Eventually, he had to get up, and wandered aimlessly through the halls, eventually getting to his room and falling onto the bed.
Karkat had said he liked him, or was flushed, or whatever, but didn't want him to say it back?
Or was he just so self-defeating that he'd given up before it even began?
He rolled onto his back, staring at one of the posters he'd tacked up, but not seeing it.
What about Dave? He didn't seem to think John knew what he was, sexually speaking. Could he be wrong about that? No, he liked Liv Taylor, he liked girls…
Or did he? Actresses were one thing, but, if he was honest with himself, he'd never had feelings for any of the girls he knew. Not even Rose, who he was supposedly going to have to marry. Nobody else seemed bothered by that, though, so maybe it didn't matter?
Ugh! He threw an arm over his face. Why was this so confusing?
"Stupid Karkat, getting me all messed up…" But it wasn't really his fault, he'd said he didn't want anything…
And he'd come back to the beginning again. This was getting nowhere.
He considered asking someone about the whole situation, before disregarding it entirely. It was embarrassing enough that Dave knew. Besides, he needed to figure it out himself.
So… Karkat. What did he think of him?
He was grumpy. All the time. And he swore a lot.
John frowned. That wasn't helpful.
Well, he cared about his friends. But he blamed himself for everything they did wrong, even if there was no way he could have stopped it. The only thing he hadn't taken credit for was the mess-up in the kids' session, and even then he said he'd given their universe cancer, causing most of the problems.
So, self-sacrificing? He hated himself as well, as he often said. Lower self-esteem than Tavros, though he didn't allow other to beat on him.
He was strong, and fast too, John had found out, when Dave had thrown something at him. He'd caught it and whipped whatever it had been back, denting the wall and making whatever it was a no longer is. Even the other trolls had been surprised.
Rose had said he probably had held back lately because he found it hard to hurt actual friends instead of enemies, and that was why he'd been freaking out with Gamzee and all. Nobody had wanted to point out he'd just tried to kill Dave via random projectile.
Okay, how was this helpful? He just knew he felt friendship for the guy!
Karkat was… well, he couldn't find a better way to say it. He was handsome, in a sharp kind of way. John really wanted to run his fingers through that thick hair and around the horns, simply to feel.
Was that normal?
Probably not… But the trolls were interesting!
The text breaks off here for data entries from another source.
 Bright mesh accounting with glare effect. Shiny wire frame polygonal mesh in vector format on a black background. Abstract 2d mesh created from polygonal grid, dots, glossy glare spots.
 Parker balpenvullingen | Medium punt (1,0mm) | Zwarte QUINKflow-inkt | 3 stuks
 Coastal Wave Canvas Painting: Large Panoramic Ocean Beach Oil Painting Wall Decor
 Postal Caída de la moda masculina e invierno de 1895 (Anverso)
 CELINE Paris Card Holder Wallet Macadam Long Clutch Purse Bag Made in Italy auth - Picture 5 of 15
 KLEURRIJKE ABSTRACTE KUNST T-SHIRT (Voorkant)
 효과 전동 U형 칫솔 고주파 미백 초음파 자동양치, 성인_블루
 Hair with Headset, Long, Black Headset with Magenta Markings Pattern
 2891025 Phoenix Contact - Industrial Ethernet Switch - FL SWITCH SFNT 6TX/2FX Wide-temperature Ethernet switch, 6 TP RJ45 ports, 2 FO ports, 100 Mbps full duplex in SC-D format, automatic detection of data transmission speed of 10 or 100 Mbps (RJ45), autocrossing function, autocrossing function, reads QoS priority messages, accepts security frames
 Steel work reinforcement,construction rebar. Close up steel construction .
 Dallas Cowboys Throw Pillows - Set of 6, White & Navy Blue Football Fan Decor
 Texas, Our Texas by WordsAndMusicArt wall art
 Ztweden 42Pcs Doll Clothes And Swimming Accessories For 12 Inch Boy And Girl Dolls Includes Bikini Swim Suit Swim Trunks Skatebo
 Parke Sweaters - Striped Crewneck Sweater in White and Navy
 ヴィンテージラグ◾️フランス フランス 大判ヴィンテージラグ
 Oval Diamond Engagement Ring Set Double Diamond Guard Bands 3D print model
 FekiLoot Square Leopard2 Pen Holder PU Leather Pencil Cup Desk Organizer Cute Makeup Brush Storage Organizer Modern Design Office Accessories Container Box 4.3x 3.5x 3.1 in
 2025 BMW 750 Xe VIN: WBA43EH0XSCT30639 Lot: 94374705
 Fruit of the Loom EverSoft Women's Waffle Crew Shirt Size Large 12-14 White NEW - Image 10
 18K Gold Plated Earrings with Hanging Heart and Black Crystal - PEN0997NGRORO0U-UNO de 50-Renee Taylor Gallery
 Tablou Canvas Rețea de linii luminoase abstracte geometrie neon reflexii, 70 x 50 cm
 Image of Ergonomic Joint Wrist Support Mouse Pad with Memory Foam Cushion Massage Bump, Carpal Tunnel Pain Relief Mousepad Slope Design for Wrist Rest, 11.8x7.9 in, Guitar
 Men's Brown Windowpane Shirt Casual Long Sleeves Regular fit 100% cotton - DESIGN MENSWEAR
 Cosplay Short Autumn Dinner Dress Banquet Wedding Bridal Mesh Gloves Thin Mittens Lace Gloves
He wondered things about all of them… but that hair and horns urge was only with Karkat. So, not normal. But gay?
He scowled, rubbing at his eyes in annoyance. This was not helpful!
He tried again, thinking about feelings. This was so girlish…
Karkat made him feel… happy, first off. Even when he was angry, he liked being around him. He also felt warm, like the sun had been placed in his chest.
Even now, all he wanted to do was find Karkat, grab him, and… that's where his mind stopped, unsure. Watch movies? Kiss him? Both?
He thought a bit, than, slowly, nodded to himself.
Both.
Well… that was that, right? He liked Karkat. Odd as it seemed, he really liked him. The more he thought about it, the more it made sense in his mind, and he sat up, determined to tell him as soon as possible.
Was this why Karkat had come to him? To share this feeling of satisfaction and peace that came with knowing what he felt?
Really didn't matter, though. He would go tell him, and they would be a couple, and… do couple things. He hoped Karkat had a better idea of wha would change, exactly, cause nothing that crossed his mind made sense.
He started to get up, but caught a glimpse of the clock on the wall and flopped over again. It was the middle of the night; Karkat, as well as any normal person, would be asleep.
He laid down again, letting his eyes drift shut and only barely remembering to remove his glasses. He'd tell him in the morning.